The iconic Wellington store has struggled in recent years with the five-year financial summary in the 2014 annual report painting a particularly gloomy picture. Revenue has fallen steadily, the company reported losses in four of the previous five years and no dividend has been paid since 2012.

The interim report for the six months ended February 28, 2015 reported another loss but the good news was the sale of its main property holding for $41.1 million. As a result the company had cash holdings of $19.9 million and net tangible assets of $2.94 per share.

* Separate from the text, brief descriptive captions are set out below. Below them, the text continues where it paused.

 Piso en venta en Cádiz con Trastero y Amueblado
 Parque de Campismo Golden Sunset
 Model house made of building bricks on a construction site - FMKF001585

On June 4 the company announced that it had entered into a conditional agreement with Australian retailer David Jones whereby the latter would take over its Lambton Quay store lease, pay $400,000 for the “Kirkcaldie & Stains” name and an additional $500,000 for the company’s fixed retail assets. The agreement was approved at a meeting of shareholders on July 31 and the company is planning to distribute $1.88 a share to shareholders, mainly from the sale of its only property asset last year.

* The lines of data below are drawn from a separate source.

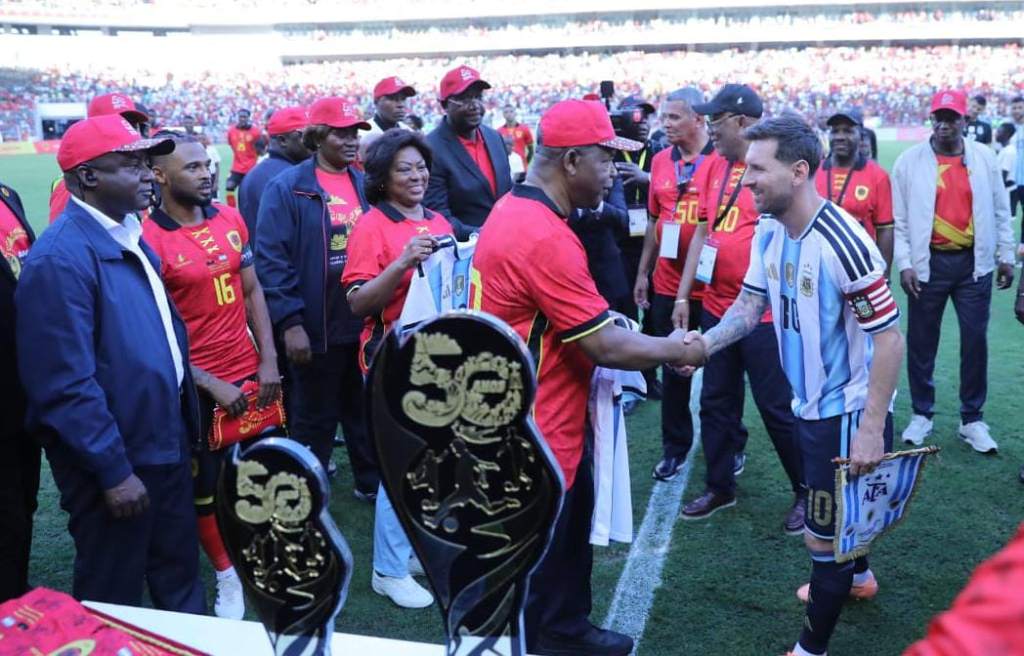 argentina-gana-amistoso-contra-angola-2-0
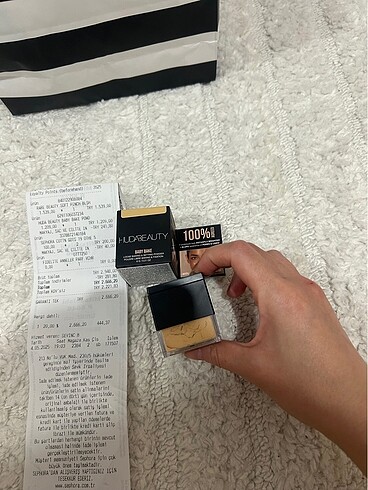 Beden Hudabeauty pudra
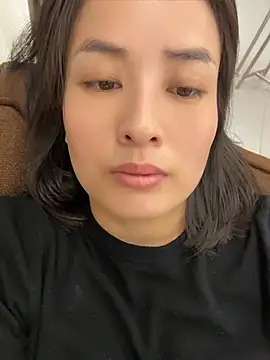 Snapshot of Faye-baby chatting on 08.05.26 Faye-baby online show from 08.05.26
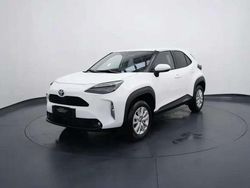Bianco Nuova 2025 Toyota Yaris Cross Active SUV | 22.500 € (Ottimo prezzo)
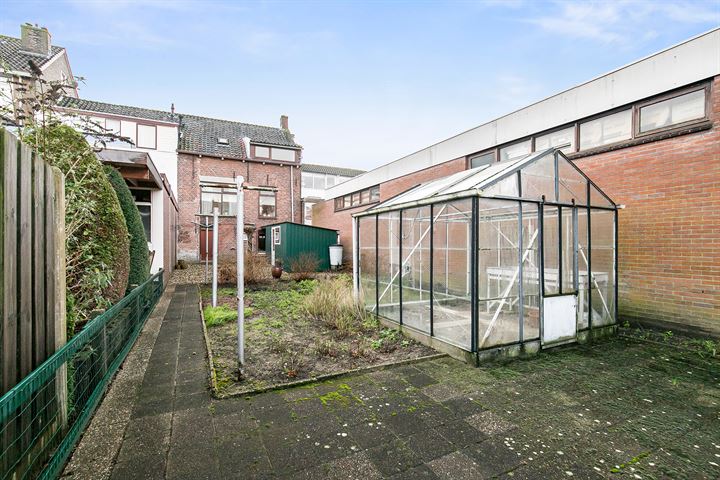 Bekijk foto 43 van Emmastraat 68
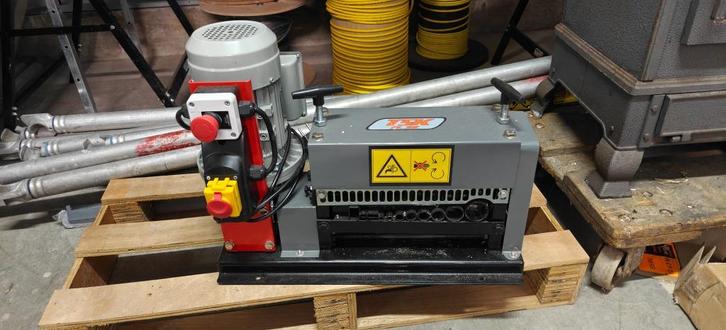 Kabelstripmachine op factuur, Doe-het-zelf en Bouw, Gereedschap | Machine-onderdelen en Toebehoren, Zo goed als nieuw, Ophalen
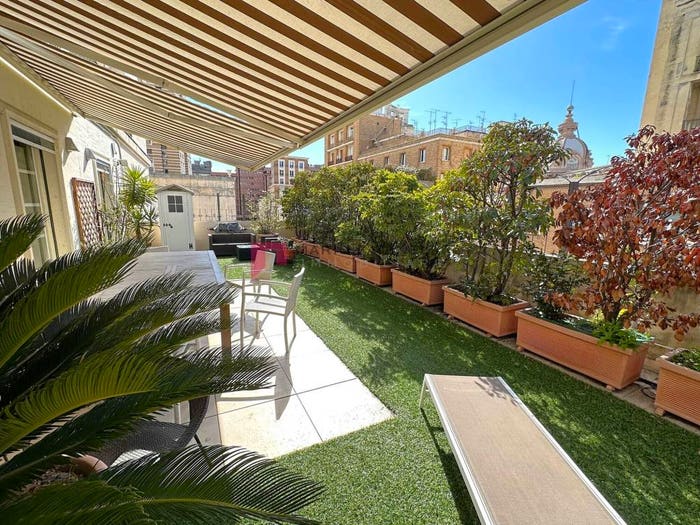 Appartamento con 6 locali in vendita in Via Ceccardo Roccatagliata Ceccardi, Centro Città, Genova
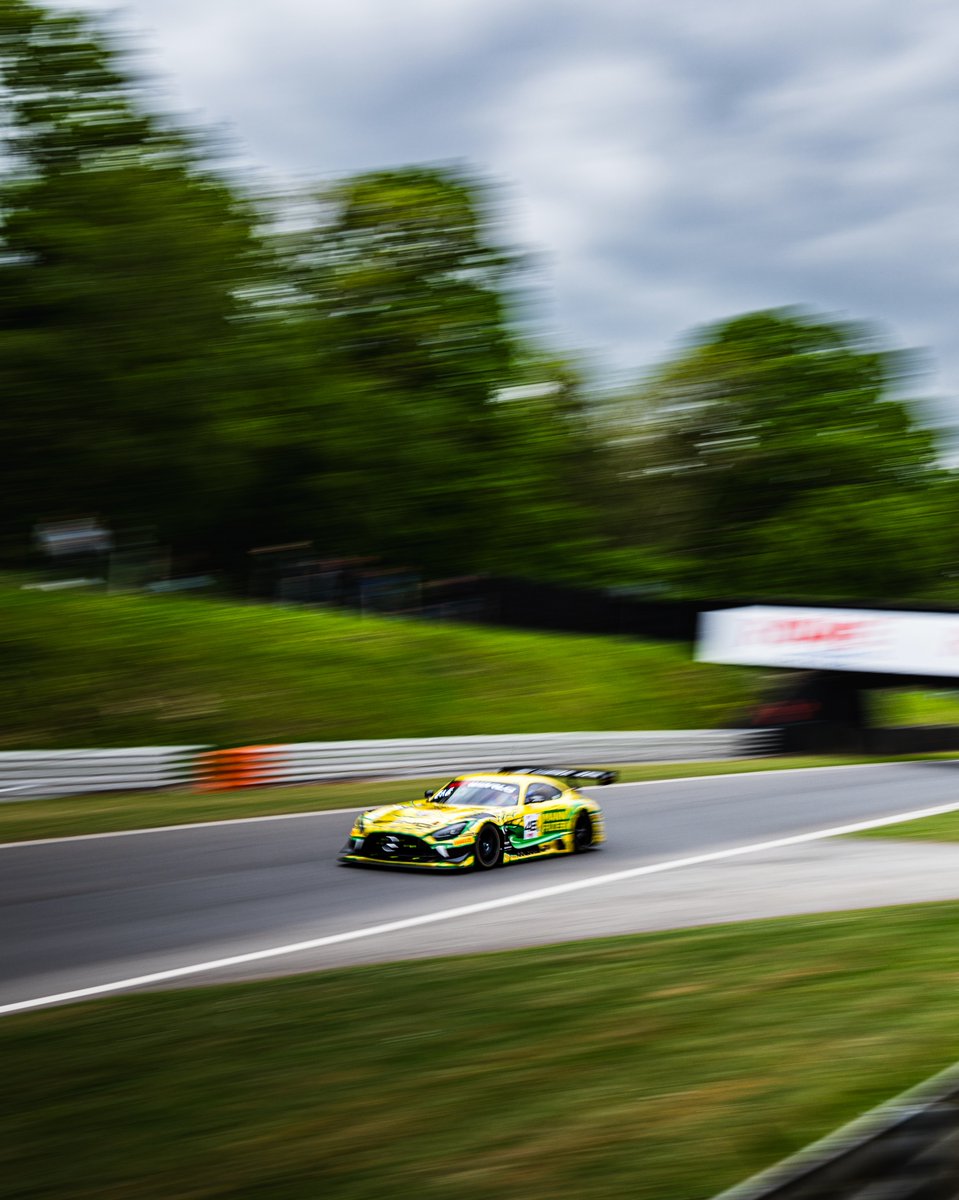ruthchave40876's tweet photo. Revisiting and re-editing old photos. Still in love with this beauty from GT World Challenge Europe at Brands Hatch last year. https://t.co/7vvM7xt194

Any other distribution will be strongly influenced by the sale of Kirkcaldie & Stains stock – which is valued at $7.4 million – before David Jones takes possession of the store next February. This additional cash distribution could be anywhere between 30c and $1 a share. There have been grumbles about the demise of Wellington’s premier department store but it is extremely difficult for single-store companies to survive in the internet age, particularly in a city that has lost its position as a major business centre. However, the wind down of Kirkcaldie & Stains has been energised by the revelation that Sir Ron Brierley has acquired an 8.4 per cent stake and has joined his old mate Sir Selwyn Cushing, who owns nearly 20 per cent.

What are the chances of the two knights using Kirkcaldie & Stains as a back door listing vehicle for a new investment company with the aim of repeating their early successes at Brierley Investments? Mowbray Collectables listed on the NZX in 2001 following the issue of 1.2 million shares to the public at 50c a share. Its main businesses were a stamp dealing and auctioning company and Bethunes Rare Books.

The founding shareholder and chief executive was John Mowbray, and Sir Ron Brierley has also been a substantial shareholder. Mowbray Collectables, which has struggled to create a viable business, had accumulated losses of $5.4 million at the end of March and total equity of only $1.1 million. In addition, the auditors have raised concerns about the valuation of its inventory.

The directors decided to sell the company’s traditional businesses and shareholders approved the following transactions at a special meeting on June 24:

• The sale of the traditional stamp and coin businesses to John Mowbray for $950,000.

• The appointment of Elevation Capital Management to manage Peter Webb Galleries for a fee of $10,000 per month. Peter Webb is 50 per cent-owned by the listed company and is its sole operating business.

Shortly after the meeting Mowbray Collectables changed its name to Bethunes Investments. Since then the company has announced a 15-for-one renounceable rights issue at 1.5c a share because “Bethunes simply has too great a debt burden for a small company”. The issue could raise up to $2.87 million.

Subsequently acting independent chairman Chris Swasbrook told the annual meeting that Peter Webb “had been particularly disappointing” and the forecasts provided to it at the time of the 50 per cent purchase in October 2013 “have proven to be overly optimistic”.

He went on to say that Bethunes had looked at investments in the storage and food processing industries but “no opportunities have been forthcoming to date”.

The clear impression from the annual meeting was that Bethunes Investments plans to become an investment company as Swasbrook compared it with a number of listed investment companies. But it is the least valuable company on the NZX main board with a market capitalisation of just $510,000. If Sir Ron and Sir Selwyn don’t turn Kirkcaldie & Stains into an investment company then we can be fairly certain that’s what Swasbrook will do with the other troubled Wellington company.